Dumped Shrimp Harms Most Valuable U.S. Fishery

Washington, DC – Today, U.S. shrimp fishermen, processors, and distributors testified that shrimp imports dumped on the U.S. market by six countries have caused to massive job losses, business closures, and harms shrimp fishing and farming communities. The International Trade Commission (ITC) held the public hearing as part of their investigation regarding how unfair pricing has affected the domestic industry. If the U.S. shrimp industry successfully demonstrates that dumping has materially injured them, duties will be imposed in January. The ITC unanimously found low-priced shrimp imports injured the U.S. shrimp industry in a preliminary ruling in February.

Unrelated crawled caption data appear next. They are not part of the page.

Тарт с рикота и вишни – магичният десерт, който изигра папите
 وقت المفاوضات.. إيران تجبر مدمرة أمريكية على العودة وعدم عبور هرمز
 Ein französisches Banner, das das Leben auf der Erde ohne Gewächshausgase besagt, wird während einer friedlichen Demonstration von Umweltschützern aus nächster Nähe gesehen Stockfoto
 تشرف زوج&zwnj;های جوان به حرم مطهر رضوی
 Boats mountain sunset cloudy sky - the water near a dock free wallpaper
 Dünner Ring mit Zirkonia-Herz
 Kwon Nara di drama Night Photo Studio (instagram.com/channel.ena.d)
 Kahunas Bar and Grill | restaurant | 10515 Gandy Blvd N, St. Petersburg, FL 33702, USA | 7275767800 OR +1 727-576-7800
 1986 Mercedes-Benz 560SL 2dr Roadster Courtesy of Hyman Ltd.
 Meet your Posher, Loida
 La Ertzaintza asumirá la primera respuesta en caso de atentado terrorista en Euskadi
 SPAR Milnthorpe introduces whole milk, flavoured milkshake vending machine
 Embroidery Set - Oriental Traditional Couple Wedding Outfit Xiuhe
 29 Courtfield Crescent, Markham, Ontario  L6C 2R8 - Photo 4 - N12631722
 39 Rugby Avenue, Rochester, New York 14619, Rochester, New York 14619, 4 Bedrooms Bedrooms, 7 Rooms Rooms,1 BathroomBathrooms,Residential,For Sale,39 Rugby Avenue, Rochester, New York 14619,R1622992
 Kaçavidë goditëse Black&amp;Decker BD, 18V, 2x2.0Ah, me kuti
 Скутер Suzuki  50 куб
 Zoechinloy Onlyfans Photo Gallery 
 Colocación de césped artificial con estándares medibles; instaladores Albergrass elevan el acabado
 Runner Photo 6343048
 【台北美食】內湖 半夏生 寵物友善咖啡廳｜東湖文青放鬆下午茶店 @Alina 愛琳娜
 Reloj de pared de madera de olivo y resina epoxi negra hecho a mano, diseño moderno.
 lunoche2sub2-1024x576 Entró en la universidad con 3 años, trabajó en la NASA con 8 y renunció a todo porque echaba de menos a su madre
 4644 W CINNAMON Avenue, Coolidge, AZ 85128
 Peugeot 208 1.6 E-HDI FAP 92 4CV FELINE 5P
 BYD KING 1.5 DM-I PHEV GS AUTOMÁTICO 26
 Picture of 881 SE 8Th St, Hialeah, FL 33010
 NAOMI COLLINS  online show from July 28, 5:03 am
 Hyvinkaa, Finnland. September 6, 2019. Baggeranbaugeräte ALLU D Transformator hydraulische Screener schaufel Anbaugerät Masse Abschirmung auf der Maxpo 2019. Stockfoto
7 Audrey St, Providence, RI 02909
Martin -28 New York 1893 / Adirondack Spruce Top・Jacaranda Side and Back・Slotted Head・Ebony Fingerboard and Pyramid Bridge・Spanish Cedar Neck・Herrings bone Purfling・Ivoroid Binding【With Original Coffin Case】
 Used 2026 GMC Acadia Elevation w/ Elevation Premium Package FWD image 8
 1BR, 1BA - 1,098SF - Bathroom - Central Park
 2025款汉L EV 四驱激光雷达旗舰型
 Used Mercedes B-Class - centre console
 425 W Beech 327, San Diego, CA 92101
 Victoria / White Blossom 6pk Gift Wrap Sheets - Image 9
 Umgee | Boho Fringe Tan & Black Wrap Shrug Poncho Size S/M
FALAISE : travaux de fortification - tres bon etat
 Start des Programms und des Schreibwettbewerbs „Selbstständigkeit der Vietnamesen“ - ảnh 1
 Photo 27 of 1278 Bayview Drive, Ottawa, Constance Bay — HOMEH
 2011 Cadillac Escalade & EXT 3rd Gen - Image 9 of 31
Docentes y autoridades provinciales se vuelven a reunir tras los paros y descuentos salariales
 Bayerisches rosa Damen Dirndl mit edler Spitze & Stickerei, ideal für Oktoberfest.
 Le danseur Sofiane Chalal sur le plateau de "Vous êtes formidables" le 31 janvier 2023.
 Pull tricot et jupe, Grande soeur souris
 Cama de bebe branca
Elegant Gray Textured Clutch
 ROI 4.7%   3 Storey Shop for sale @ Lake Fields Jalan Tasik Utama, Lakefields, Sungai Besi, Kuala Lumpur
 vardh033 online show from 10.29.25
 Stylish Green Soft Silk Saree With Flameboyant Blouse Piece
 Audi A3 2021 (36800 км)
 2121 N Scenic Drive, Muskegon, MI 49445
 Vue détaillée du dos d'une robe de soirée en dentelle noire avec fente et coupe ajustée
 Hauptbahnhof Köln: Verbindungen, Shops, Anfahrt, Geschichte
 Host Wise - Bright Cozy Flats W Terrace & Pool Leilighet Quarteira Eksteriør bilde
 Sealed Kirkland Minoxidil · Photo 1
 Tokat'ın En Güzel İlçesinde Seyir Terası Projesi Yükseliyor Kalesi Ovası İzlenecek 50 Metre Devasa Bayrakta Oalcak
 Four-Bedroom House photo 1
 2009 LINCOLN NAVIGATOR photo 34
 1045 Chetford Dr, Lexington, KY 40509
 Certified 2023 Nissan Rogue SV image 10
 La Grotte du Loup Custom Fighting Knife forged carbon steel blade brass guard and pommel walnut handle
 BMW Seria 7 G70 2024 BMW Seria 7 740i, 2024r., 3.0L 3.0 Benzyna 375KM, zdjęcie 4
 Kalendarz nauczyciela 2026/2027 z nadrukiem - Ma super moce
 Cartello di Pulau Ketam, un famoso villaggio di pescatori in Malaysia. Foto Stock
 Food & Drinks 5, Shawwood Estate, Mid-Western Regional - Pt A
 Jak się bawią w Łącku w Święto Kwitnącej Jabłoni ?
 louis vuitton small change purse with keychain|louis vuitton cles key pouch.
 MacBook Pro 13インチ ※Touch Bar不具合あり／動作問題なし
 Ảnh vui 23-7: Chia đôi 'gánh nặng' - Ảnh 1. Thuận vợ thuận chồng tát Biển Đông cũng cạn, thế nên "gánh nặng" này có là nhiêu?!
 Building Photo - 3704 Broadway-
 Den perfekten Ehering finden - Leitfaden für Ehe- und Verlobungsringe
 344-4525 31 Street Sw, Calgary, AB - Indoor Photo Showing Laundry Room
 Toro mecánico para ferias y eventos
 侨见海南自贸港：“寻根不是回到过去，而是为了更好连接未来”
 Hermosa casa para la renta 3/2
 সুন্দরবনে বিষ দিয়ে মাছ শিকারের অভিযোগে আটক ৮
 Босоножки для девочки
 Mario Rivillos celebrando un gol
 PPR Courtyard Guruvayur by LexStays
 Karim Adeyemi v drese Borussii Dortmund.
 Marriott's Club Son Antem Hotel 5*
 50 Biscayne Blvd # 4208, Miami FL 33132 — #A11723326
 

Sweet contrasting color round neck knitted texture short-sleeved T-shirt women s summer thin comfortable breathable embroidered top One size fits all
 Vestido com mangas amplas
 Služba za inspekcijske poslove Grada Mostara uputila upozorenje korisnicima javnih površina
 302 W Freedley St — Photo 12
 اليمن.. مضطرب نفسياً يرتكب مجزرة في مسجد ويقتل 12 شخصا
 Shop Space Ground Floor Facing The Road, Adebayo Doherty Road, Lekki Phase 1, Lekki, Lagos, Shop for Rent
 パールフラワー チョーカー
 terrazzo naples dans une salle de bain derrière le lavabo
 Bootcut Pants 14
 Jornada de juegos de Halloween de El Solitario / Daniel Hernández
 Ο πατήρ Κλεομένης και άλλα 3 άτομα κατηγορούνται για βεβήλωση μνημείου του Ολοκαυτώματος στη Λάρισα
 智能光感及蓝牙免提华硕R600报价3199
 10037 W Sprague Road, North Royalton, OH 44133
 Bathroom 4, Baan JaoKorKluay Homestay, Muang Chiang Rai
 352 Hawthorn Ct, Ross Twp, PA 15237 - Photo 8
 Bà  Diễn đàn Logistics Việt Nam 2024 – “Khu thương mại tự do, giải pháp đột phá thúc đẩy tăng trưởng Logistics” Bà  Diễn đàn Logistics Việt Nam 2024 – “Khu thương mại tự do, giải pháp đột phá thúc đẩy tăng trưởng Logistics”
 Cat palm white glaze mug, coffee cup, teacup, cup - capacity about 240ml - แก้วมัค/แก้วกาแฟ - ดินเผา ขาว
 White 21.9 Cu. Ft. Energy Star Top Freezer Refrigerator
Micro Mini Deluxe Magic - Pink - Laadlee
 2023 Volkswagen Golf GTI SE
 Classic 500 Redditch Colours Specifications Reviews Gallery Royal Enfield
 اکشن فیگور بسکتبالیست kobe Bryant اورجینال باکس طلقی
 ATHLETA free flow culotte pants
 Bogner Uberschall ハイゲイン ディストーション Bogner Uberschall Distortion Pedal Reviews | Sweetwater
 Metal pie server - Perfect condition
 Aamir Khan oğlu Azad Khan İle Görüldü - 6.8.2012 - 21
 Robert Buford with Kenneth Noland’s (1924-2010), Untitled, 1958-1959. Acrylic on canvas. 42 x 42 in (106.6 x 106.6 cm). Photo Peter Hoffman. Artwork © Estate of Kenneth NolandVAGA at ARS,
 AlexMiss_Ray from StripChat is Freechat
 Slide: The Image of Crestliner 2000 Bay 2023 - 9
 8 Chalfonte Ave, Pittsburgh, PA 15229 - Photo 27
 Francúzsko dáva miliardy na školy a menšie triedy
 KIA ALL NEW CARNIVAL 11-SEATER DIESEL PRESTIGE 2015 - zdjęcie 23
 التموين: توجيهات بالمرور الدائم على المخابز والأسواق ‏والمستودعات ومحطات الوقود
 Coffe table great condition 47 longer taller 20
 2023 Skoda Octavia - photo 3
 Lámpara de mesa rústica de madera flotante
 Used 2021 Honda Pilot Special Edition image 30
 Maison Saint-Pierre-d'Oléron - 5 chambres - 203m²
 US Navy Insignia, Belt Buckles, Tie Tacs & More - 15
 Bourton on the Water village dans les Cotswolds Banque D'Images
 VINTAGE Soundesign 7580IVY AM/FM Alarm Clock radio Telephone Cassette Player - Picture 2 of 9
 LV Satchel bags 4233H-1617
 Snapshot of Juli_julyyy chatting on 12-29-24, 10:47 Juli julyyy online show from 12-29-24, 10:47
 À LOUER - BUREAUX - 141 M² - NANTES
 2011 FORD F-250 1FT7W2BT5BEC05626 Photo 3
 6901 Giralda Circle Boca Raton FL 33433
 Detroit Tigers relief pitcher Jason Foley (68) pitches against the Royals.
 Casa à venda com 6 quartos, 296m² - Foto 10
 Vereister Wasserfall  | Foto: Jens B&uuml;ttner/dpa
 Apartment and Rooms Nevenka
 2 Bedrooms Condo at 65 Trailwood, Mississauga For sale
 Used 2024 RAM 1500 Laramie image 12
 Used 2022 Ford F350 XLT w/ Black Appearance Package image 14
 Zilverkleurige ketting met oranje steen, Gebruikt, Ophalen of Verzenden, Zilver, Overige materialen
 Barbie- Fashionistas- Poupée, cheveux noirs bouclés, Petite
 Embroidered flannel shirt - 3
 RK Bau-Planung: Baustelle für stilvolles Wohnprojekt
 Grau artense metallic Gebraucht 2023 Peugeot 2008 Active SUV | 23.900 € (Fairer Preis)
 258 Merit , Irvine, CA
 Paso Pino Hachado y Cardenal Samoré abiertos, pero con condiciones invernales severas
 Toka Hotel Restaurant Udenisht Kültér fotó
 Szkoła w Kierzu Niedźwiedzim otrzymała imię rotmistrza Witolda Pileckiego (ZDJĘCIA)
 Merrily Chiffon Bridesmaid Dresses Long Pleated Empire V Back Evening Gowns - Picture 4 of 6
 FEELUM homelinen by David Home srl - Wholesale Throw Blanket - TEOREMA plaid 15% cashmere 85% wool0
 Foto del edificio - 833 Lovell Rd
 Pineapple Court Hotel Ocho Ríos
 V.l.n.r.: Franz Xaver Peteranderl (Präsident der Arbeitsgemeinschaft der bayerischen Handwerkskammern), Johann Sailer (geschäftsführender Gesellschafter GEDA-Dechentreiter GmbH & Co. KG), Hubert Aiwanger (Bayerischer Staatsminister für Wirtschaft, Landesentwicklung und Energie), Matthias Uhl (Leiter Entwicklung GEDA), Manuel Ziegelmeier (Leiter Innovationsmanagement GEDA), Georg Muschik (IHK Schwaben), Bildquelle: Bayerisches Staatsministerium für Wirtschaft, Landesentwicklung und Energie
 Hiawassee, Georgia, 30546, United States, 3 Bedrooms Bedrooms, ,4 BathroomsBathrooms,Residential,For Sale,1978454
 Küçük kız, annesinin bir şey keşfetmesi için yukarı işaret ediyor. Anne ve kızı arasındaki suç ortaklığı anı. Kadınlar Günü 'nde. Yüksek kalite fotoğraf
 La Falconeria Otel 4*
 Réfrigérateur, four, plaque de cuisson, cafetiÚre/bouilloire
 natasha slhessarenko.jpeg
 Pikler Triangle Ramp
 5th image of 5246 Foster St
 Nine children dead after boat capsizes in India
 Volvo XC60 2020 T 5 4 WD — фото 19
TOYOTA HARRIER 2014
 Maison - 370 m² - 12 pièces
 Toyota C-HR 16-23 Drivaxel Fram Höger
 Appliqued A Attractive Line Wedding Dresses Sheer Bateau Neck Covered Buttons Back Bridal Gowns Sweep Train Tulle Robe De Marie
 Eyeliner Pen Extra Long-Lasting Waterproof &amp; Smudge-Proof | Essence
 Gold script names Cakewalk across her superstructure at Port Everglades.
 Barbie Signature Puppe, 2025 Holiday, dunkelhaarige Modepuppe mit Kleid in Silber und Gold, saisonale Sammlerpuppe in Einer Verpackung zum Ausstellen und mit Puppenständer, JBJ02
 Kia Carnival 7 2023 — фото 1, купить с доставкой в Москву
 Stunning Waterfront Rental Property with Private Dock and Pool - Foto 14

“U.S. shrimpers successfully competed against imports until 2000, when six countries started to engage in massive dumping. We can compete against imports, but not against dumping,” stated Sal Versaggi, a shrimp fisherman in Tampa, FL and an officer of the Southern Shrimp Alliance. “If forced to continue to face the onslaught of dumped shrimp prices, the U.S. shrimp industry could vanish, despite cutting edge technology and higher productivity than our competition.”

The U.S. economy has lost $4.4 billion in the value of U.S. shrimp harvested and processed as the import price of shrimp from has plunged  from $5.12 in 2000 to $3.48 in 2003 due to the illegal practice of dumping by companies in Brazil, China, Ecuador, India, Thailand, and Vietnam. The trade violations have wreaked havoc in eight states. Many boats are tied up at the docks. Other boats are being repossessed. Thousands of jobs have been lost and 70,000 more are threatened if dumped shrimp continues to flood the U.S. market.

“Dumped shrimp imports have a very real human toll in America, for shrimp fishermen, their families, and the communities they live in,”  testified Kim Chauvin on behalf of her fourth generation fishing family in Chauvin, Louisiana. “The financial pressures caused by predatory pricing have made health insurance for my family of five a luxury we can no longer afford.”

Shrimping is vital to hundreds of coastal communities throughout the southeast, bringing in billions of dollars in revenue, taxes, and purchases  from supporting businesses. For every one job in the United States processing imported shrimp, there are 21 persons involved harvesting and processing wild-caught domestic shrimp.

“This crisis has also affected many local communities, turning some, like Dulac, Louisiana, into virtual ghost towns,” explained Chauvin.  “Many other communities depend on fishermen and the money they spend, or on shrimp processors and the jobs they provide. With the  fishermen and processors going out of business, these communities will not survive.”

And don’t think consumers have benefited from the low wholesale prices of dumped shrimp. While the wholesale price of shrimp dropped 42 percent, shrimp entrée prices actually skyrocketed as much as 28 percent between 2000 and 2003. Food Beat Inc., an association that tracks menu information, including item and price, has released data that demonstrates consumer prices for shrimp at restaurants were five times as likely to increase as decrease between 2000 and 2003.[i] Overall, for every one shrimp menu item where consumers saw a decrease in price, 32 other shrimp menu items remained the same or increased in price. In 2002, shrimp middlemen purchased dumped shrimp imports at 1960s  prices and charged American consumers $4.2 billion above their normal profit margins rather than passing on the savings. Now these same middlemen are trying to convince America that the unfair trade that has caused thousands of job losses and billions in lost economic activity  has benefited consumers, despite the fact that only their wallets got fatter from the trade violations.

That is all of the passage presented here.